═════ Given data

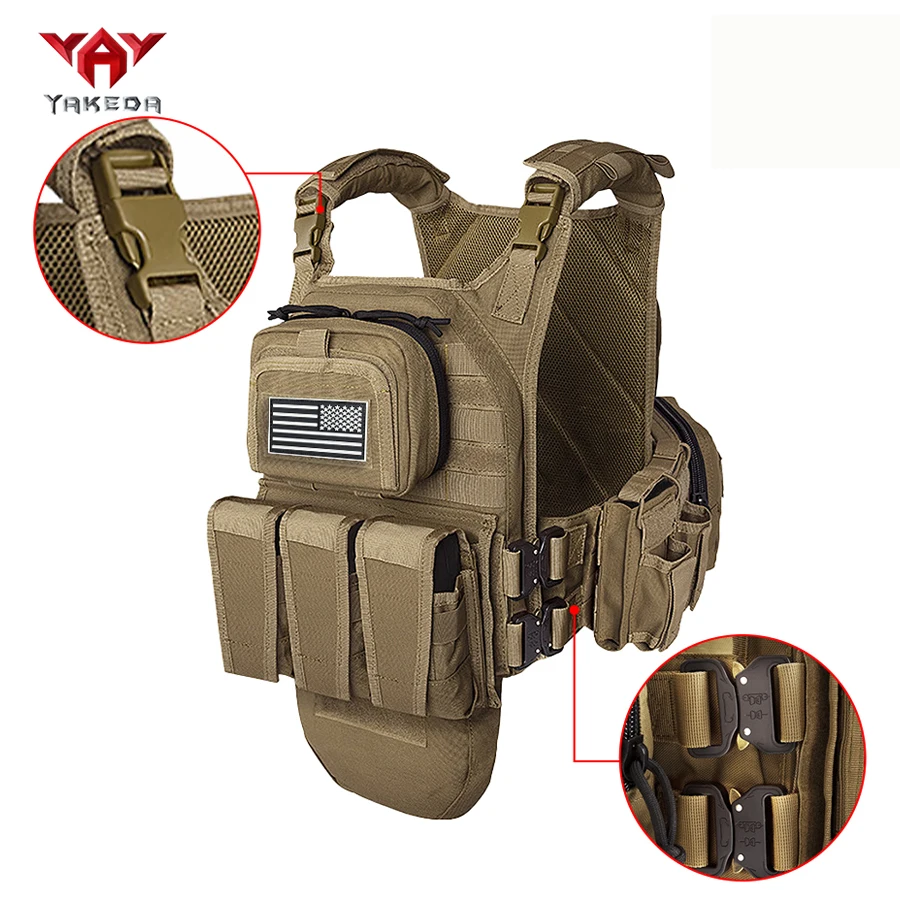 

YAKEDA metal quick release triple equipment bag hunting vest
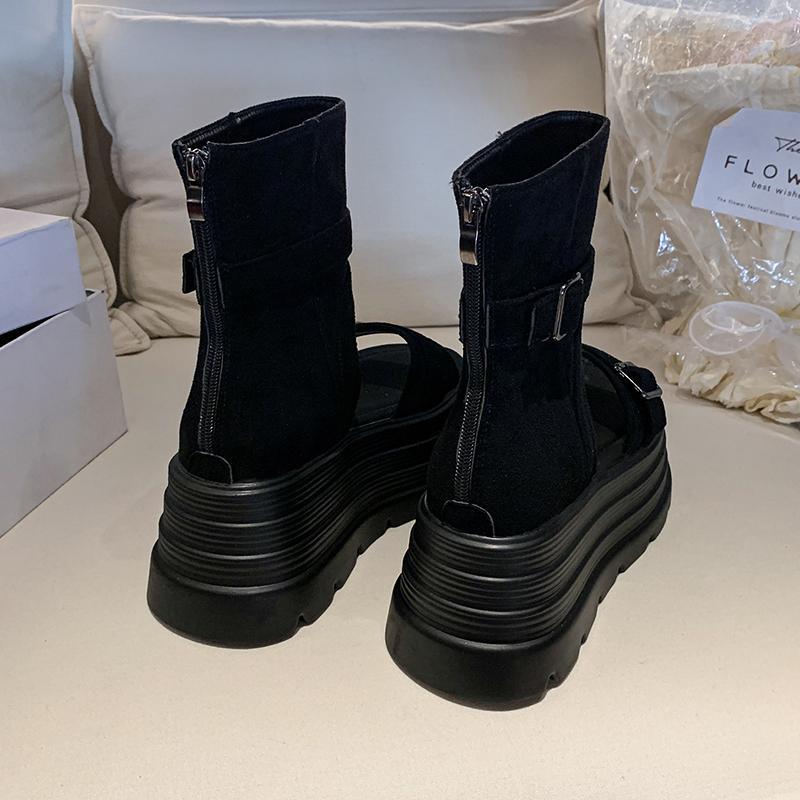 Fashion 8CM Summer Sandals Wedge Heels Sneakers New Women Peep Toe Flip Flop High Platform Casual Booties Breathable Walking Slippers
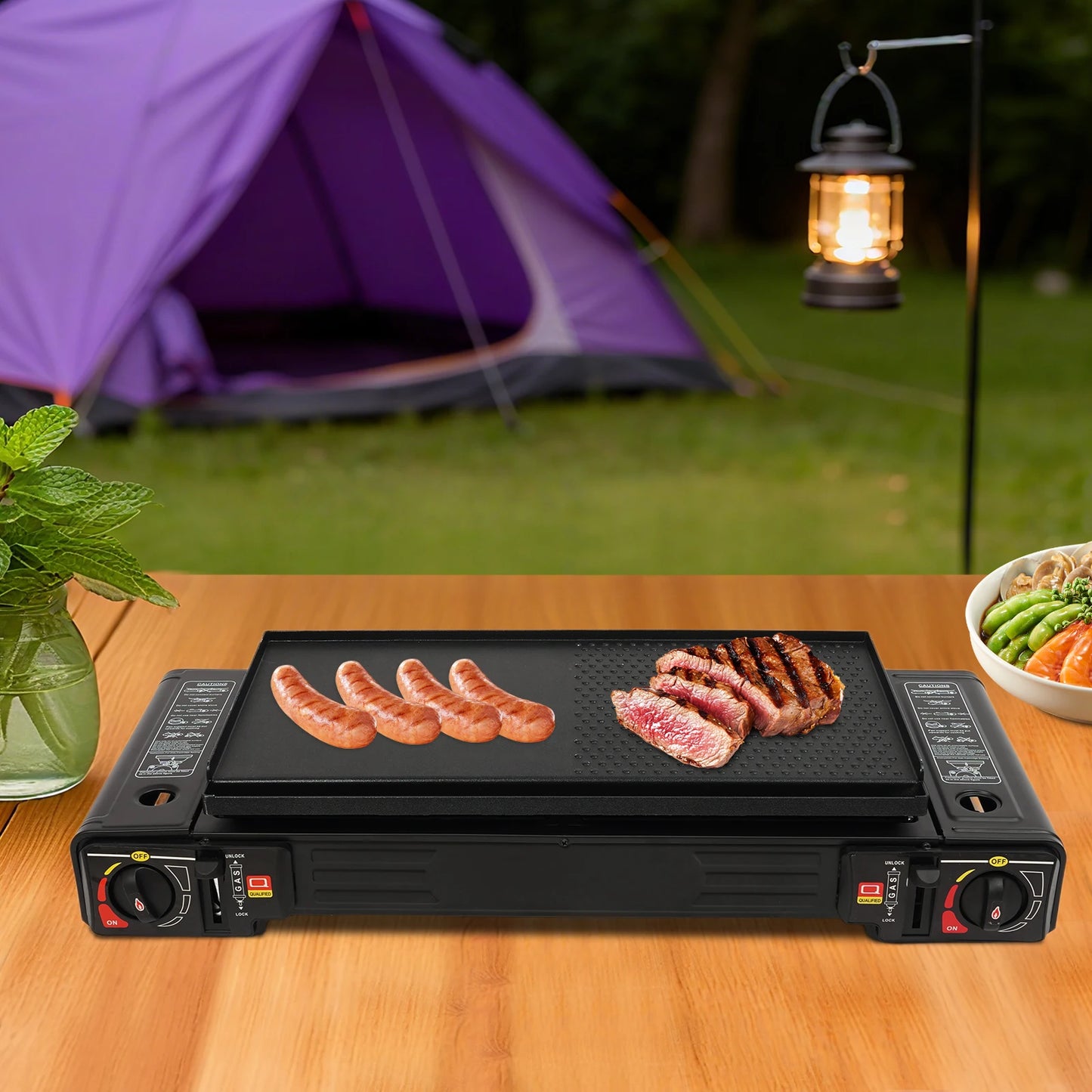 NONEDisposable 2 Burner Portable Camping Stove Baking Pan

══════════

▶ Your assignment
Line by line, write out the material above exactly, with no images.

▶ Solution to this problem
YAKEDA metal quick release triple equipment bag hunting vest
 Fashion 8CM Summer Sandals Wedge Heels Sneakers New Women Peep Toe Flip Flop High Platform Casual Booties Breathable Walking Slippers
 NONEDisposable 2 Burner Portable Camping Stove Baking Pan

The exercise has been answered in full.